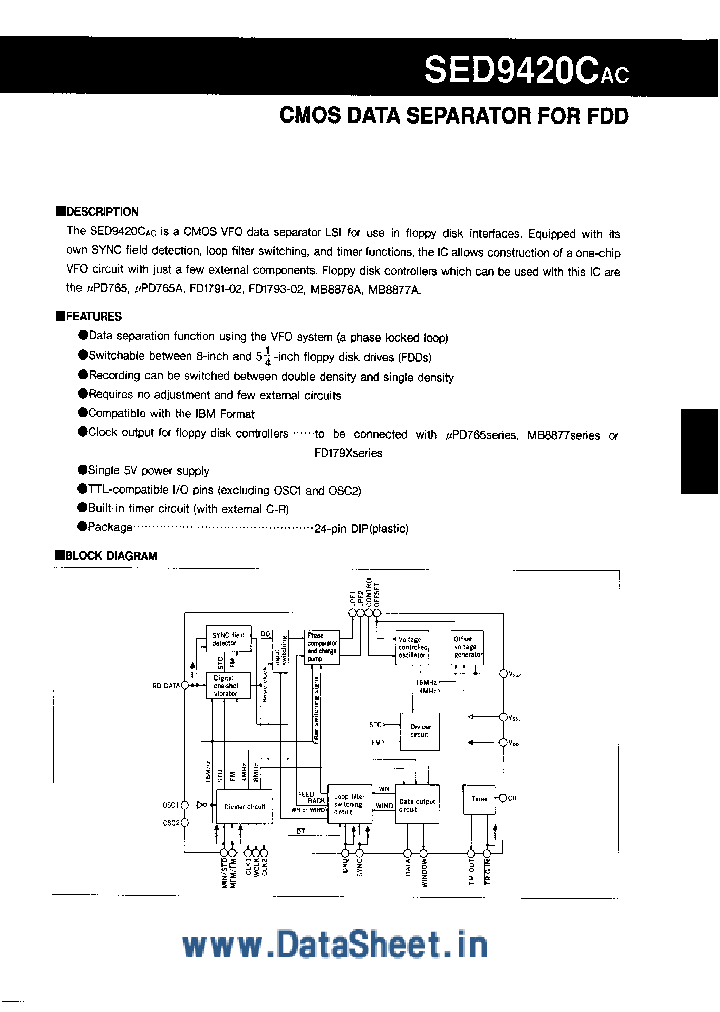 SED9420CAC_2036705.PDF Datasheet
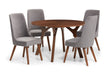 Mirabelle Round Table Walnut - Luminex FurnitureDining TableHUX001
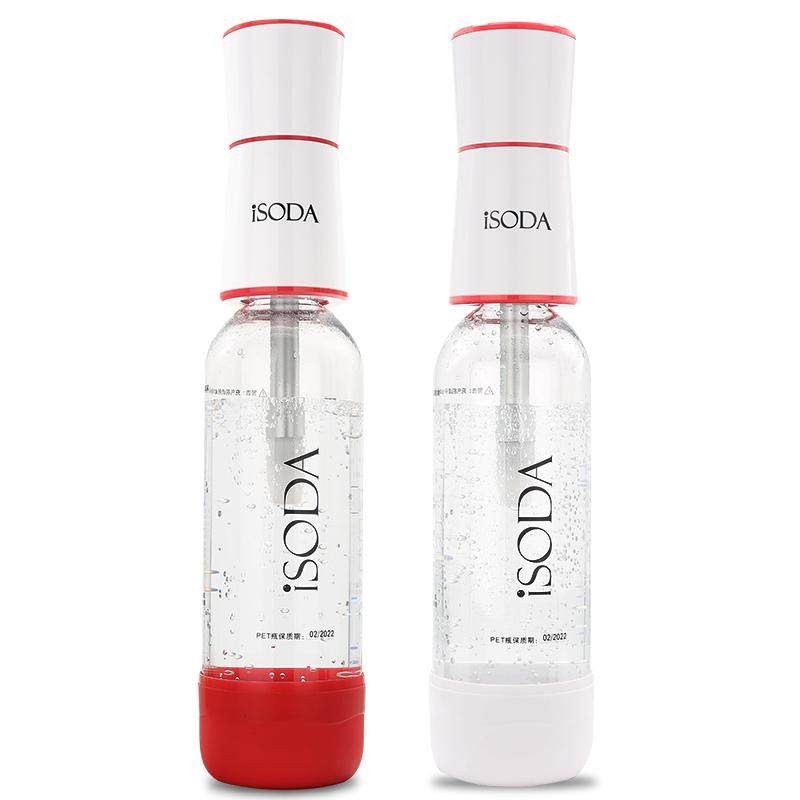 isoda爱苏打便携式气泡水机家用苏打水机器DIY自制0糖0卡气泡水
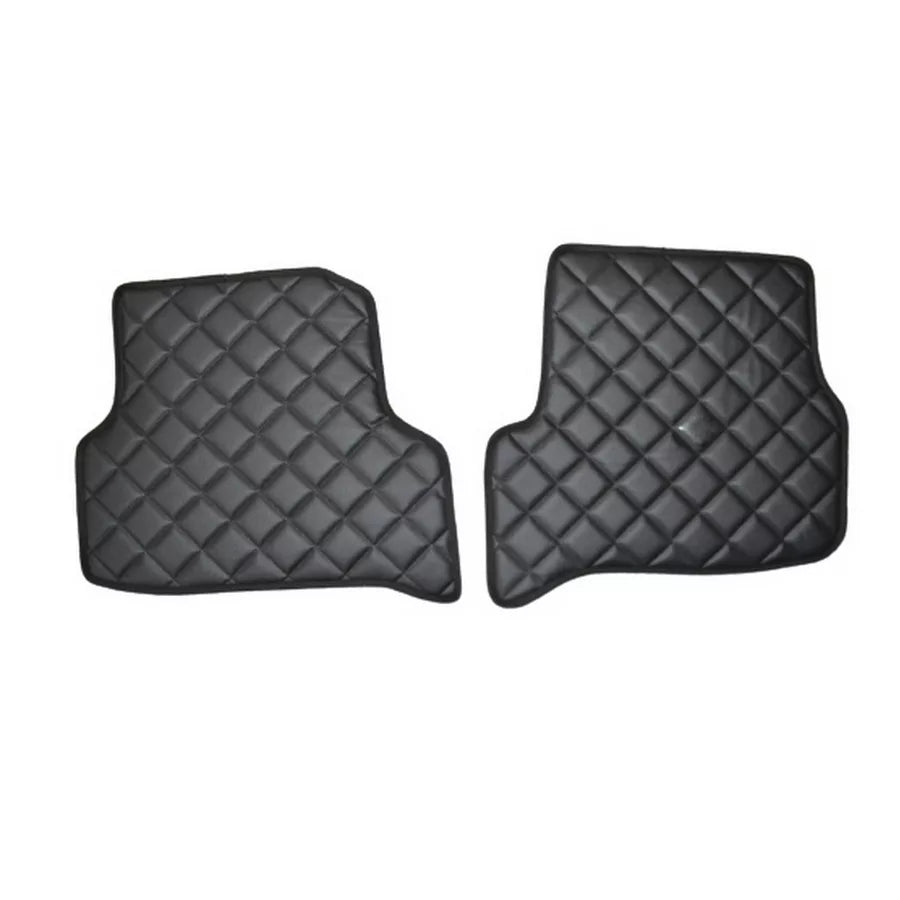 Anti-slippery кожени стелки за VW GOLF V / JETTA / PLUS, черно - ЗАДНИ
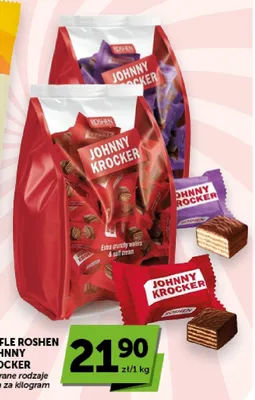 Wafle Roshen Johnny Krocker Milk promocja w Euro Sklep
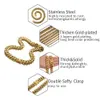 Topgrillz rostfritt stål guldfärg kubansk kedje kran knapp hip hop mode smycken för gåva 6m10mm12mm14mm16mm 240315
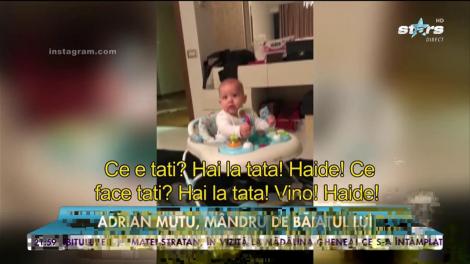 Adrian Mutu, mândru de băiatul lui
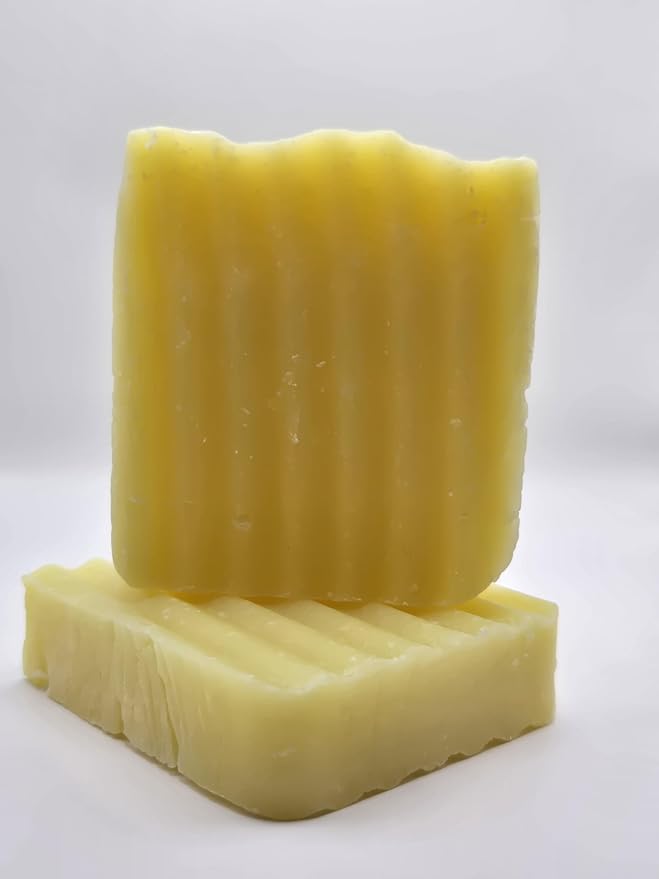 Tallow Soap (2 Pack) (Coconut Lemongrass) Handmade Grass Fed Beef Tallow Soap with Nourishing Oils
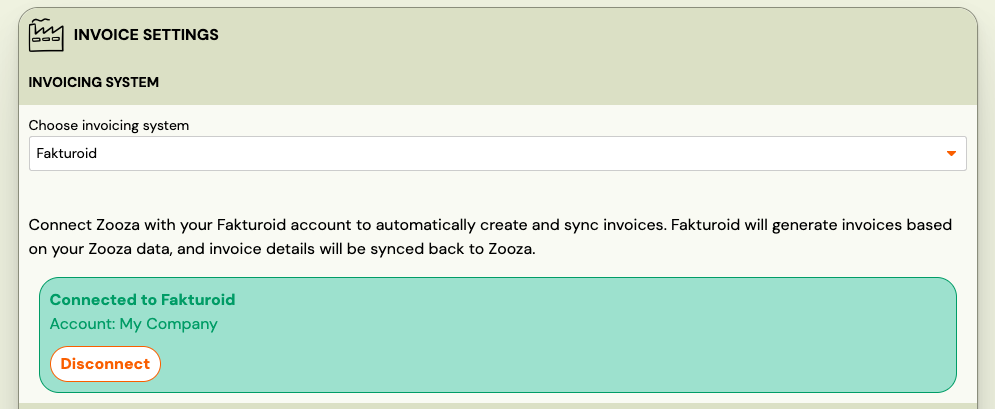Screenshot — fakturoid invoices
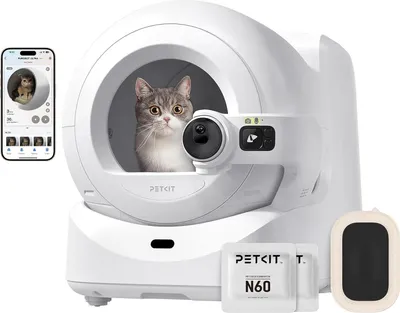 Produktbild von PETKIT Katzentoilette Purobot Ultra mit HD-Kamera, vollautomatisch, 70L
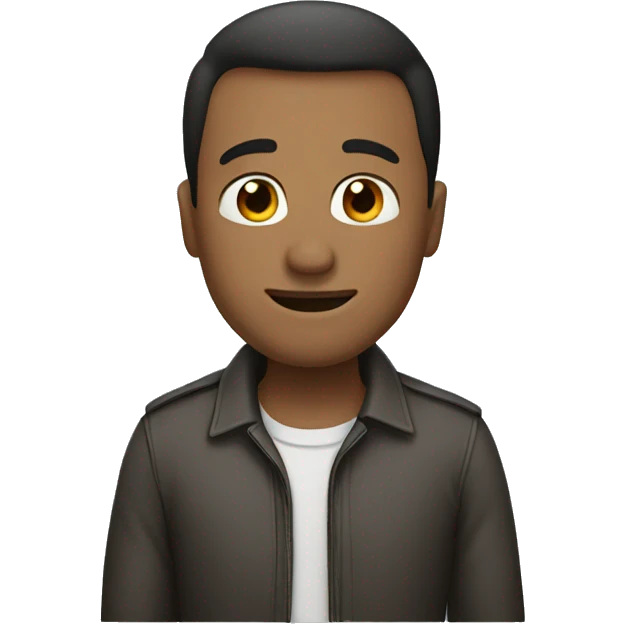 Men saying bye emoji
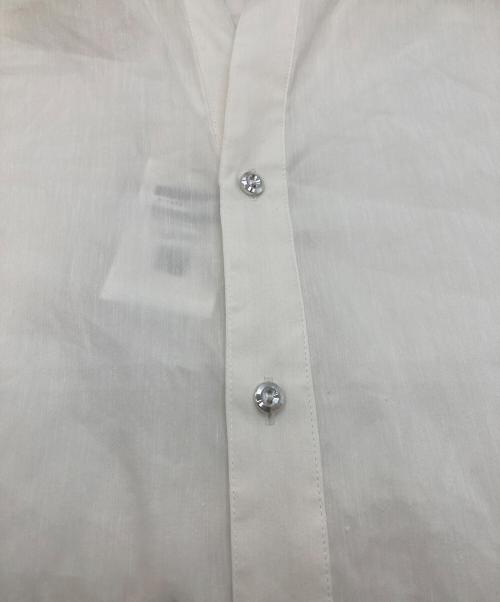Junhashimoto（ジュンハシモト）Junhashimoto (ジュンハシモト) BAND COLLAR S/S SHIRTS ホワイト サイズ:5 未使用品の古着・服飾アイテム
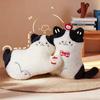 Plush Cat Toy With Apple Design For Girls And Boys Perfect For Sleep And Relaxation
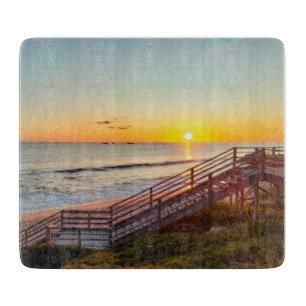 Decorative Glass Chopping Board - Sunset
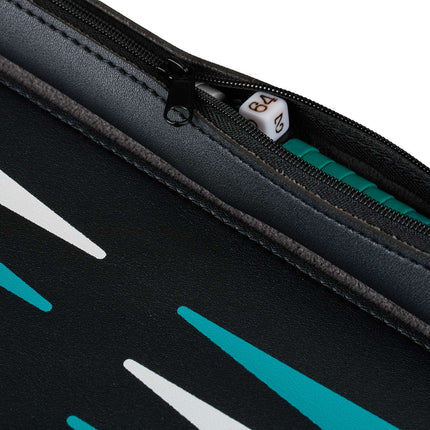 Reise-Backgammon-Set, Leder-Optik zum Aufrollen
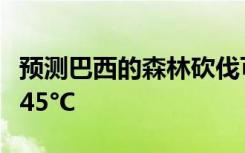 预测巴西的森林砍伐可导致当地气温升高至1.45°C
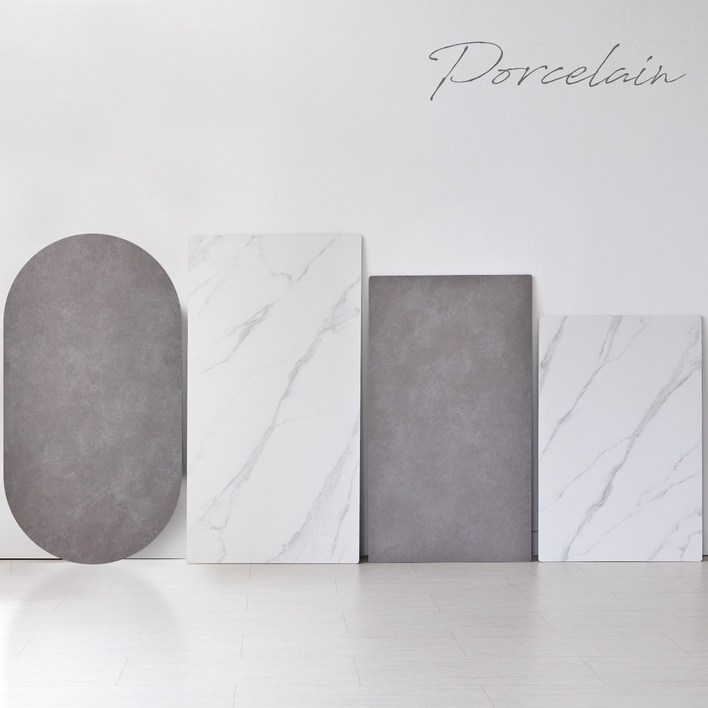 리비니아 포세린 12T 무광 2인 4인 6인 800 1200 1400 1600 1800 포세린 세라믹 상판2colors, 마블그레이, 4인용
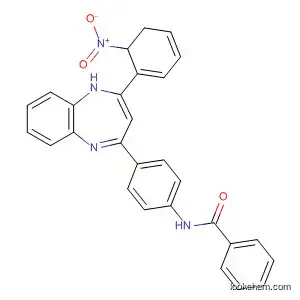 Molecular Structure of 648900-27-0 (Benzamide,
N-[4-[2,3-dihydro-2-(2-nitrophenyl)-1H-1,5-benzodiazepin-4-yl]phenyl]-)
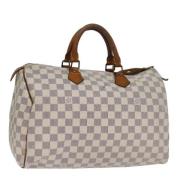 Louis Vuitton Vintage Pre-owned Canvas handvskor White, Dam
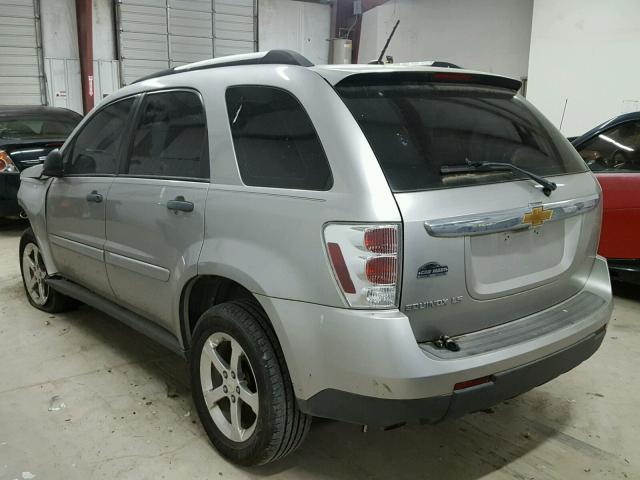 2CNDL23F586063534 - 2008 CHEVROLET EQUINOX LS SILVER photo 3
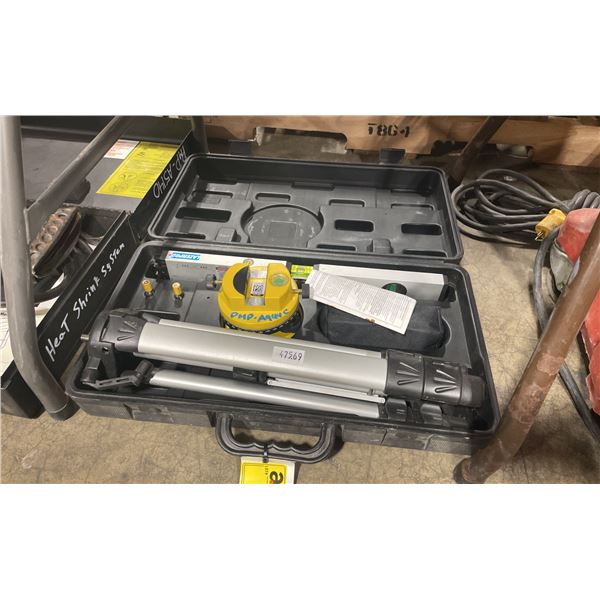 LASERPRO INDUSTRIAL LASER LEVEL TOOL WITH TRIPOD IN HARD TRANSPORT CASE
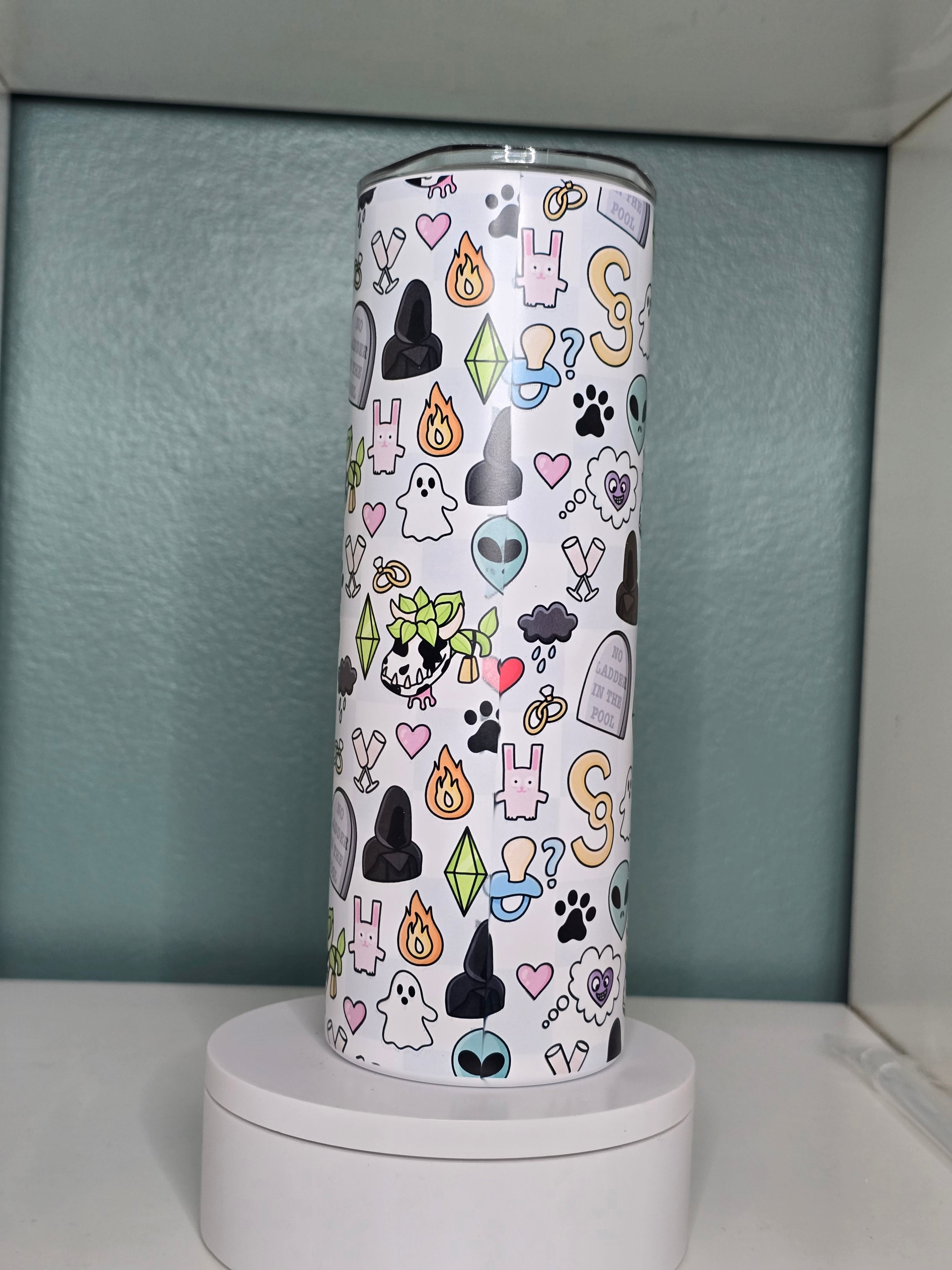 Sims 20oz Stainless Steel Tumbler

**BRIEF**
Text only, pictures out: give every record again as written.

**TASK RESULT**
 SED9420CAC_2036705.PDF Datasheet
 Mirabelle Round Table Walnut - Luminex FurnitureDining TableHUX001
 isoda爱苏打便携式气泡水机家用苏打水机器DIY自制0糖0卡气泡水
 Anti-slippery кожени стелки за VW GOLF V / JETTA / PLUS, черно - ЗАДНИ
 Wafle Roshen Johnny Krocker Milk promocja w Euro Sklep
 Topgrillz rostfritt stål guldfärg kubansk kedje kran knapp hip hop mode smycken för gåva 6m10mm12mm14mm16mm 240315
 Adrian Mutu, mândru de băiatul lui
 Tallow Soap (2 Pack) (Coconut Lemongrass) Handmade Grass Fed Beef Tallow Soap with Nourishing Oils
Screenshot — fakturoid invoices
 Produktbild von PETKIT Katzentoilette Purobot Ultra mit HD-Kamera, vollautomatisch, 70L
 Men saying bye emoji
Junhashimoto（ジュンハシモト）Junhashimoto (ジュンハシモト) BAND COLLAR S/S SHIRTS ホワイト サイズ:5 未使用品の古着・服飾アイテム
 Plush Cat Toy With Apple Design For Girls And Boys Perfect For Sleep And Relaxation
 Decorative Glass Chopping Board - Sunset
 Reise-Backgammon-Set, Leder-Optik zum Aufrollen
 预测巴西的森林砍伐可导致当地气温升高至1.45°C
 리비니아 포세린 12T 무광 2인 4인 6인 800 1200 1400 1600 1800 포세린 세라믹 상판2colors, 마블그레이, 4인용
 Molecular Structure of 648900-27-0 (Benzamide,
N-[4-[2,3-dihydro-2-(2-nitrophenyl)-1H-1,5-benzodiazepin-4-yl]phenyl]-)
 Louis Vuitton Vintage Pre-owned Canvas handvskor White, Dam
 2CNDL23F586063534 - 2008 CHEVROLET EQUINOX LS SILVER photo 3
 LASERPRO INDUSTRIAL LASER LEVEL TOOL WITH TRIPOD IN HARD TRANSPORT CASE
 Sims 20oz Stainless Steel Tumbler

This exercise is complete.